Cardenal's largest volume of poetry attempts a poetic overview of the entire cosmos. The 43 chants comprehensive work integrates themes that Cardenal occupied his whole life: human and divine love, amazement at creation, the accusation of social injustice, the truths in the myths of the peoples and the ideal socialist society as the realization of the kingdom of God on earth.

Content and subject areas

In some cases, Cardenal takes over previously published poems for his chants or he combines elements from earlier poems into new great poems. Therefore, the poet describes the work itself as his main work .
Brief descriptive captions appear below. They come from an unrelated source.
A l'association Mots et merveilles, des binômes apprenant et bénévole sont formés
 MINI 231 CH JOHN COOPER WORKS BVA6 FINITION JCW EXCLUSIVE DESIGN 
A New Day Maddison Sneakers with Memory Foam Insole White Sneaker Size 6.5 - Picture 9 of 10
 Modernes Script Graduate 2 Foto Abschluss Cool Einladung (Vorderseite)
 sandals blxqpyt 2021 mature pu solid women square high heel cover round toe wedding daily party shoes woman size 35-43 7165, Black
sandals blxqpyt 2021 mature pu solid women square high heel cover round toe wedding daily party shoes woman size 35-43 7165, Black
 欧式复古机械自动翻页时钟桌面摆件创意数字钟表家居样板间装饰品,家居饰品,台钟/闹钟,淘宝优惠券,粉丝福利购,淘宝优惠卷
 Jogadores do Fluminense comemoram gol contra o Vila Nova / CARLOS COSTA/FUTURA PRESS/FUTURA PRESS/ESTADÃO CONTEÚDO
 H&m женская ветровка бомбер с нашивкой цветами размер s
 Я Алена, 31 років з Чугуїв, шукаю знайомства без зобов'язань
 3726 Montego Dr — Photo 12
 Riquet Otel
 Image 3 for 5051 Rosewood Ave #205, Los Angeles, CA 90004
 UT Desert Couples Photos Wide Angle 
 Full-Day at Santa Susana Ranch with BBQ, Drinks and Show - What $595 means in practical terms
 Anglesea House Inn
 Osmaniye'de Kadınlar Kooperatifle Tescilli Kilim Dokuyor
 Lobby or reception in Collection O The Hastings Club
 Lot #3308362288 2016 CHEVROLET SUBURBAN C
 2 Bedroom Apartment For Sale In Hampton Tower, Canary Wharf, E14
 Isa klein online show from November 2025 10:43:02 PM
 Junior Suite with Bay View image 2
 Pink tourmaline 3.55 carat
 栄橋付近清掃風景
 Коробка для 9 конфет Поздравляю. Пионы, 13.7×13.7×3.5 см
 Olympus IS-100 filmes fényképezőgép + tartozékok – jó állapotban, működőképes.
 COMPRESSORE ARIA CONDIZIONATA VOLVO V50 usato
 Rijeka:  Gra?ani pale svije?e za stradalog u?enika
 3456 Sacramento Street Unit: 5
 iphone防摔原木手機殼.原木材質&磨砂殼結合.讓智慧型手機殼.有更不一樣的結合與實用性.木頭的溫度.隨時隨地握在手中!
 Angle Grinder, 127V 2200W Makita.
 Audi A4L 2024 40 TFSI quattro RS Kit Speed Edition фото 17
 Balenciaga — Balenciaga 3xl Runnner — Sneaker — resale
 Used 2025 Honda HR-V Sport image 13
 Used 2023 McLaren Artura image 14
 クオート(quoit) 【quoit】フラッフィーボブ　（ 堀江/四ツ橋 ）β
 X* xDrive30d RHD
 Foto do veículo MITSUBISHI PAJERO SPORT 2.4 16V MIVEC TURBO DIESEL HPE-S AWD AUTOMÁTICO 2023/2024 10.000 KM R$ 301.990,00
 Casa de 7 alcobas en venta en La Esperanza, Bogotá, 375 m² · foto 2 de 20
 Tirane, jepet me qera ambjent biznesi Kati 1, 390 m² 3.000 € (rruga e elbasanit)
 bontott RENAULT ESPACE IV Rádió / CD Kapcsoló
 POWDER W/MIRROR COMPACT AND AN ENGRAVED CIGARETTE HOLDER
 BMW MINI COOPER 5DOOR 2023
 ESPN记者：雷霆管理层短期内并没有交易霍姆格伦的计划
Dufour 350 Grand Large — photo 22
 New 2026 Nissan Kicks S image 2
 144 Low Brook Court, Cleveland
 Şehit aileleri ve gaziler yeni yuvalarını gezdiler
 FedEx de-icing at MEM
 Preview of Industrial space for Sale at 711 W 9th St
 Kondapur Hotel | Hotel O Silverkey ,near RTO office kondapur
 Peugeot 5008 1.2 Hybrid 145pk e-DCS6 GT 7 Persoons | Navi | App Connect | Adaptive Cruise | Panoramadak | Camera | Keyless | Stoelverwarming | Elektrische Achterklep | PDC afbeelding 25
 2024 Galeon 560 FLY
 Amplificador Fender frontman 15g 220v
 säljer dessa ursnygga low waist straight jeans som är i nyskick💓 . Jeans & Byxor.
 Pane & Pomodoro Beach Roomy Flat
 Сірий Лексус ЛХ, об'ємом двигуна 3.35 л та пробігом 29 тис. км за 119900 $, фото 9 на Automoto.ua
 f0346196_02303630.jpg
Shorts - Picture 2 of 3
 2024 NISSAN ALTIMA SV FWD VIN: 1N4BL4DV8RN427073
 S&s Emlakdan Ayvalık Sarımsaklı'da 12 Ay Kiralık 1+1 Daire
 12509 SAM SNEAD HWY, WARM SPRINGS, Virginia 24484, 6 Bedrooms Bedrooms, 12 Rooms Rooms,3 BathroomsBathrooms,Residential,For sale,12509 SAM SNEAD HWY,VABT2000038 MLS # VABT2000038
Cardenal wants to deal with the last great questions of humanity in his work. In doing so, he inserts fragments from different areas of life and knowledge into his poems, which he himself describes as the “exteriorismo style”. What is new compared to previous works is the examination of the latest scientific findings, which are placed as fragments alongside other fragments from creation myths, biblical quotations and observations of nature. Among other things, Cardenal deals with the question of the origin of all things. Chants that contain this topic include the first chant “The Big Bang” and the last chant “Omega”. At the same time, these two chants form a frame for the volume.

"Today physicists talk like mystics"

- song 69

This quote points to two main keywords in Cardenal's "astrophysical" poems. On the one hand on astrophysics with its big bang theory, and on quantum physics , according to which every particle is also a wave. On the other hand, he repeatedly alludes to the evolutionary theory of the natural scientist and mystic Teilhard de Chardin , who assumes a goal-oriented development for the cosmos made by the divine spirit towards an endpoint Omega . He poetically links these two “key words” to the idea of ​​a cosmos that is always in motion and in flux.

Cardenal thus includes all the themes of his poetic work: the spirit, which is invisible in the universe , is love for him. Love creates life. And this love drives evolution. In the same way love also creates the revolution in order to produce an ever more just social order:

"Evolution is the struggle between preservation and revolution"

- 28th song

literature

  • Helmut Koch: Ernesto Cardenal. Edition text and criticism, München 1992.
  • Thomas Piehler: "I am all alone in the universe (?)." Lyrical expression of heavenly experience in the tension between praise of creation and distance from God in Gryphius, Brecht and Cardenal. Tübingen 2006 (approval work, mach.).